There are other operations in the pension system including, custodians and trustees, they are involved but due to the fact that government has interest in what happens to workers by the time they retire. Insurance companies were affected because in the past, pension schemes failed because they were not insured. That is the position of insurance companies and the best option is to have pension funds insured.
We have specialist life insurers that can set up separate pension fund management outfits and these companies would, because they have their portfolio quite large and they also have a good knowledge of the market. The companies that operate life aside from the general business should analyse the market as far as pension business is concerned, because of the interest of both the client and also for their investment.

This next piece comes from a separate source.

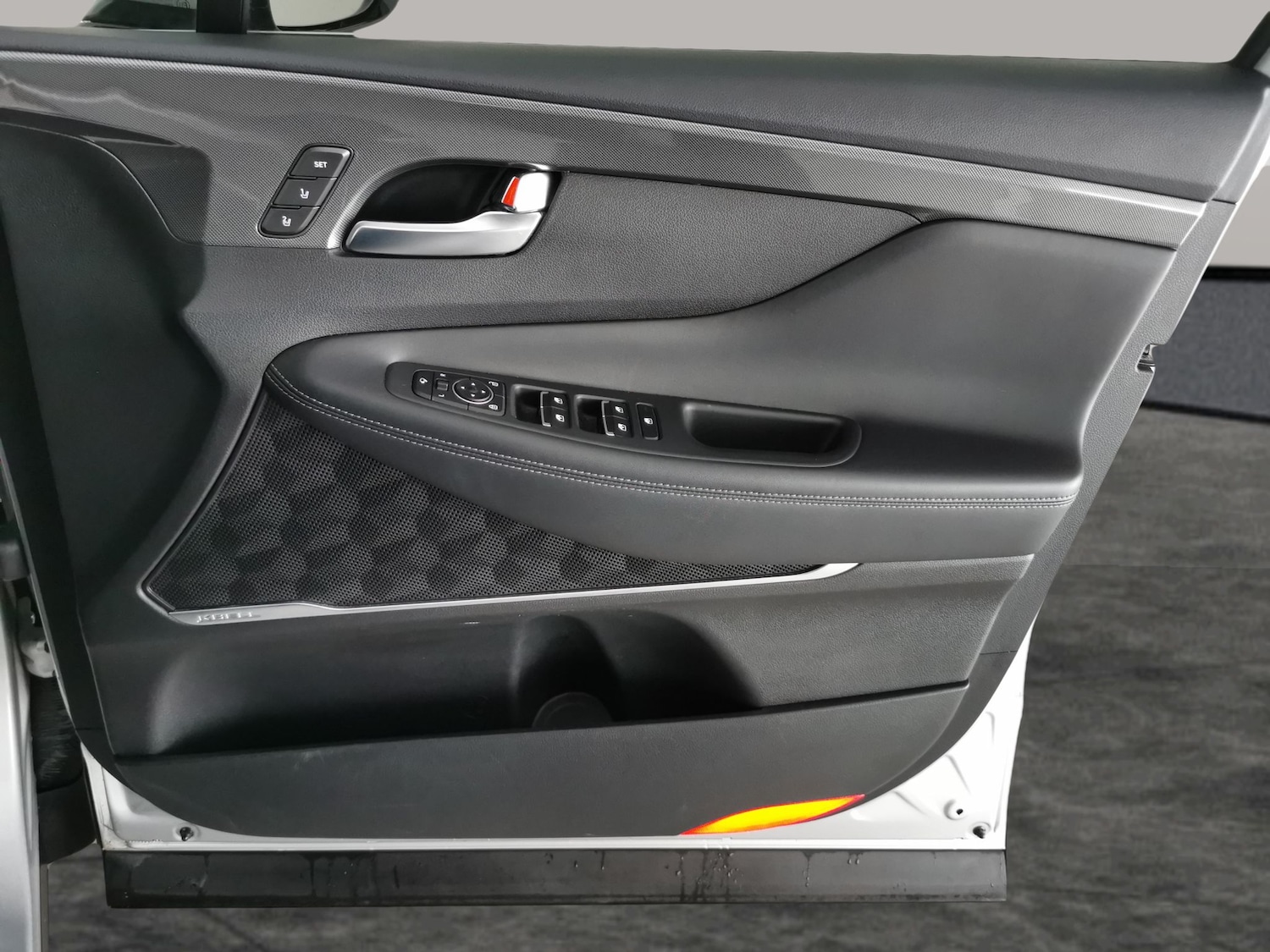 Used Hyundai Santa Fe 2022 for sale - 76875449: Photo 37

The recent hike in banks' capital, do you think it will instigate another hike in capital of insurance companies.
We just finished one round of capitalisation, you know that for insurance companies only by the end of February this year that were able to determine those companies that successfully met the new requirement. It will be too early in the day to suggest that there should be a review, but we must all agree that, yes with what is happening in the banks, it is expected that insurance will receive some attention regarding their capital base. NAICOM as provided under the Insurance Act, 2003 has the authority to, at any point in time they feel that given the volume of business, strengthen insurance companies' capitalisation. Definitely that will happen and I think in the next one year probably they will come up with a new requirement for insurance companies as far as capital base is concerned. People are speculating and I am looking at N1 billion which, may not be too much any way.
What is your company's capital presently?
We are now capitalised at N350 million, we are not making any move yet, we must look at the volume of business we are writing because the issue of share capital rising to N1 billion or any other amount does not guarantee adequate returns on investment. There are shareholders and we must be able to win their confidence to be able to ask for more money. One must be able to justify the existing trading capital before you say you need more money. The insurance industry, we are not into trading, it is a long term business and growth is gradual, very few companies in the market can write premium income of N1 billion so I will say that presently the share capital of insurance companies is adequate.
We also have to take into cognisance how insurance operates, there is no insurance company that has got reinsurance backing. If an insurance company has not got adequate provision, they can write bigger volume of business and an insurance company does not have to write 100 percent of every risk coming to it. All you do is take your own share and allow others to take theirs. So that really gives the company a lot of room to maneuver as against capital base.
Now what does the claims profile of Union Assurance look like?
Last year's experience was worse than the previous year for our company On the increase there is no doubt about it in our report you will see that premium income was over N50.2 million and claims was over N23 million. This year is even worse and like I have here, a result showing that the claims we paid within six month of the year far exceeded the claims we paid for the whole of last year.
But then apart from the responsibility of underwriters, they should be able to pay claim when they arise.
So what do you think are the contemporary issues in the industry today?
There have been lots of bad losses in the industry. Fire especially, was very ridiculous but I must say that last year was not too good for insurance companies and real insurance companies really felt the pinch.